- _Exercise_
There is one span to output from the data below: the lines starting at the line with "Now Telegram will" and ending at the line with "In the next videos". Output it exactly, ends included, nothing more.
[Opening Data shown section]
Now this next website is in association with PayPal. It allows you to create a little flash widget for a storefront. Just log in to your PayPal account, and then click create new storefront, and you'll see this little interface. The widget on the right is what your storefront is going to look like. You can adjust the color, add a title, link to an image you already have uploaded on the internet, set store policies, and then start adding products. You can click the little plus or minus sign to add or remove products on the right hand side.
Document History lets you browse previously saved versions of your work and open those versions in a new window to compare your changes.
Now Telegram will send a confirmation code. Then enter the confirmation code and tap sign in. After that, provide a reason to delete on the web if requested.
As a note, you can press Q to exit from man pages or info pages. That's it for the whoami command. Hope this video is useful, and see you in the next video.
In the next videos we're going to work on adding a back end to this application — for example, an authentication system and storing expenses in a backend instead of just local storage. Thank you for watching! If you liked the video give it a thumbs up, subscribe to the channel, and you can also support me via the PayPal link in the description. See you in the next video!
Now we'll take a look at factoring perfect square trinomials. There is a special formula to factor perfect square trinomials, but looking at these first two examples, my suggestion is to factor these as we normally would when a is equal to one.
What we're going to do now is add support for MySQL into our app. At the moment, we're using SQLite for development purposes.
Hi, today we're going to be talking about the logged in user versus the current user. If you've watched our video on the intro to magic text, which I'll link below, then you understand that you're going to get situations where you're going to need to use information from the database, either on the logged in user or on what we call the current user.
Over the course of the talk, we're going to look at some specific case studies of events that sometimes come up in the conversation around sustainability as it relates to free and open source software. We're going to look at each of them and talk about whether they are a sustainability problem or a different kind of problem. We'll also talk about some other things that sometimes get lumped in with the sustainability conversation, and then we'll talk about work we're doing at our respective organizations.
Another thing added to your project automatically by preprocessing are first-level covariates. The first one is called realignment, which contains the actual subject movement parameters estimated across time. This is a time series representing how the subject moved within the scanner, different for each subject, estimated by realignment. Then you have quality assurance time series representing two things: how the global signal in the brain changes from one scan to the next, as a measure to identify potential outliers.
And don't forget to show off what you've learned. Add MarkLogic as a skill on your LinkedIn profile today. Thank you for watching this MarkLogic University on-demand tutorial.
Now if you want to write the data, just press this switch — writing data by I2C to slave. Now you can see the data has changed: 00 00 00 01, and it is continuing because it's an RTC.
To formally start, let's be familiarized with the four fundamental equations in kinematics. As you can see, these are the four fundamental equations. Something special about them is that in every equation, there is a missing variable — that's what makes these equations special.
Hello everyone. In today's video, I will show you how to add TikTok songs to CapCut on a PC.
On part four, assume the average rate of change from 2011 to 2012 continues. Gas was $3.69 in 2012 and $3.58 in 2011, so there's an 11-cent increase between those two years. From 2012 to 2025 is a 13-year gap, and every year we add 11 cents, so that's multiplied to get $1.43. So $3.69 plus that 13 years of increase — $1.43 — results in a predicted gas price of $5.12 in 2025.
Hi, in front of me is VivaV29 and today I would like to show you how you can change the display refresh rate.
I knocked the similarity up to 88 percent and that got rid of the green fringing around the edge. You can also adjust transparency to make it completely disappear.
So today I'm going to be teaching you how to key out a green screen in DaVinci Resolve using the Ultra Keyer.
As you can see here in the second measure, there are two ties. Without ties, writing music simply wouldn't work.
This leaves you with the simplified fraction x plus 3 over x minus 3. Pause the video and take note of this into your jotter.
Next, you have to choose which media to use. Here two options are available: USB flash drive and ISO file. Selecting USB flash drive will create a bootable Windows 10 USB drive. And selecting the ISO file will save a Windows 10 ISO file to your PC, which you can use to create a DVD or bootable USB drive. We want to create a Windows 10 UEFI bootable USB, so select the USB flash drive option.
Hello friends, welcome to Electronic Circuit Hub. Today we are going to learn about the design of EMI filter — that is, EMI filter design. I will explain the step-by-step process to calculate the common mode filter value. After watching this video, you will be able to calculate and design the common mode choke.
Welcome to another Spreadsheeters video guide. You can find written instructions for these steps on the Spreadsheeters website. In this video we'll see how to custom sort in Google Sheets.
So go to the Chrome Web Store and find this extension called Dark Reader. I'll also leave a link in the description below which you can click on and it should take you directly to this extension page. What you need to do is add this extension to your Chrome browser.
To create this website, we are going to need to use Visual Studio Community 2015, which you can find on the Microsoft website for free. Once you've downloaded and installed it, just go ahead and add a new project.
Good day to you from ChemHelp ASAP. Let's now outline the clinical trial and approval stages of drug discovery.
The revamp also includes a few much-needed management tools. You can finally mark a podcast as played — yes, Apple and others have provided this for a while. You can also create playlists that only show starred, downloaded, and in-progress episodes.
[Closing Data shown section]
- _Solution to the exercise_
Now Telegram will send a confirmation code. Then enter the confirmation code and tap sign in. After that, provide a reason to delete on the web if requested.
As a note, you can press Q to exit from man pages or info pages. That's it for the whoami command. Hope this video is useful, and see you in the next video.
In the next videos we're going to work on adding a back end to this application — for example, an authentication system and storing expenses in a backend instead of just local storage. Thank you for watching! If you liked the video give it a thumbs up, subscribe to the channel, and you can also support me via the PayPal link in the description. See you in the next video!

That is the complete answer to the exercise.